- Born: 23 August 1924 Campsie, New South Wales, Australia
- Died: 14 December 2009 (aged 85) Sydney, Australia
- Occupation: Horse trainer

= Jack Denham =

Australian horse trainer

Jack Denham (24 August 1924 - 14 December 2009) was a leading Australian horse trainer and businessman.

A member of a Sydney training dynasty, Denham first rode as a jockey for his brother, and then took out his own training licence in 1948.

Denham's training career took off when he became a trainer for Stan Fox at Nebo Lodge, a position he held for 10 years, training over 1,000 winners.

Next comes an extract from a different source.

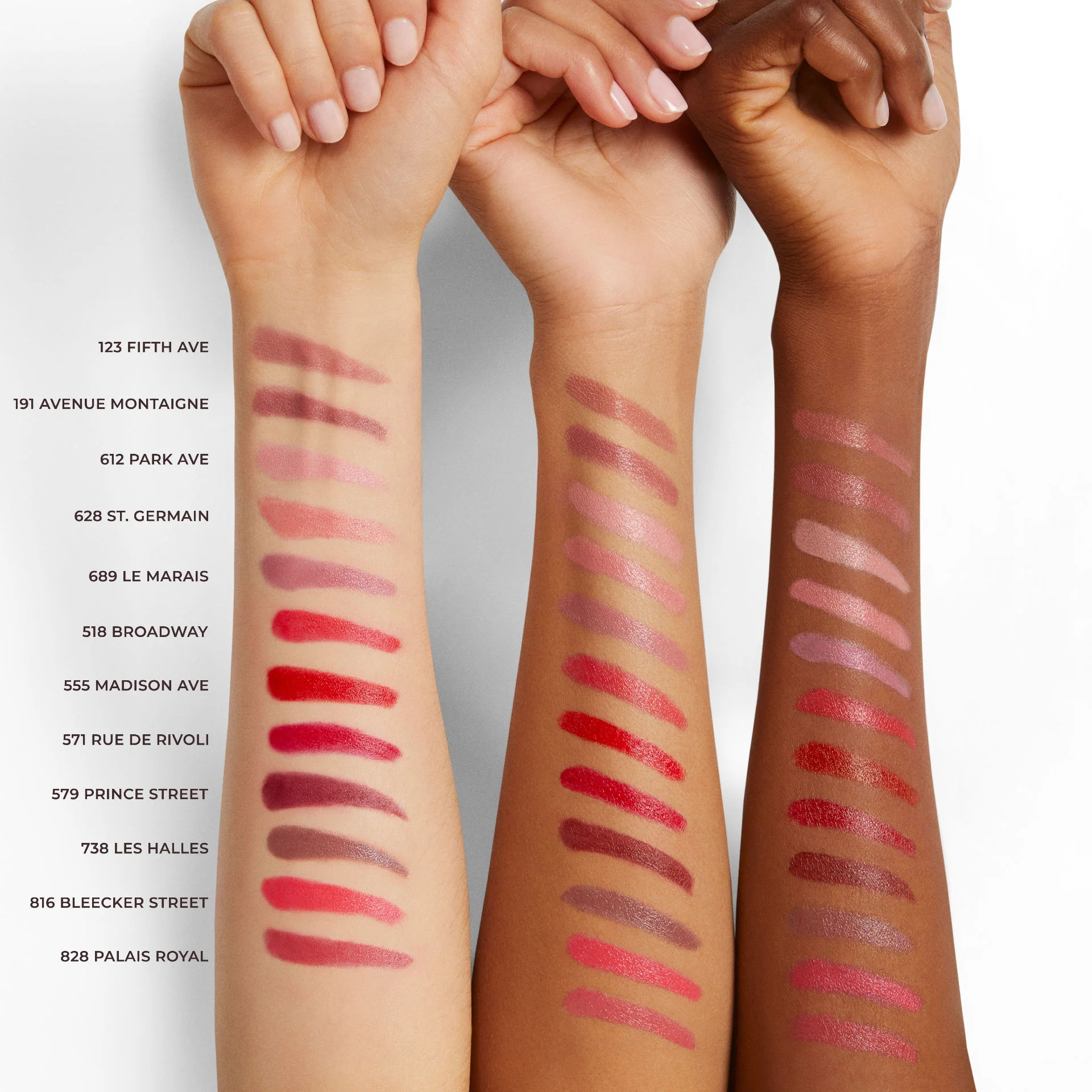 Caviar Hydra-Crème Lipstick - Image 4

For six successive years, from 1971 to 1976, he was runner-up in the Sydney trainers’ premiership table. He was to win the premiership later in 1990-91 and 1992-93.

From 1980 onwards Denham was closely associated with owners Geoff and Beryl White, for whom he won a Golden Slipper with Marscay, an Epsom Handicap, Yalumba Stakes and other group races with Filante, and an Australian Guineas and AJC Oaks with Triscay. His greatest triumphs came in 1997 and 1998 when the Denham trained Might and Power took out the Melbourne Cup, Caulfield Cup and Cox Plate.

On 14 December 2009, Jack Denham died at the age of 85 after a long illness.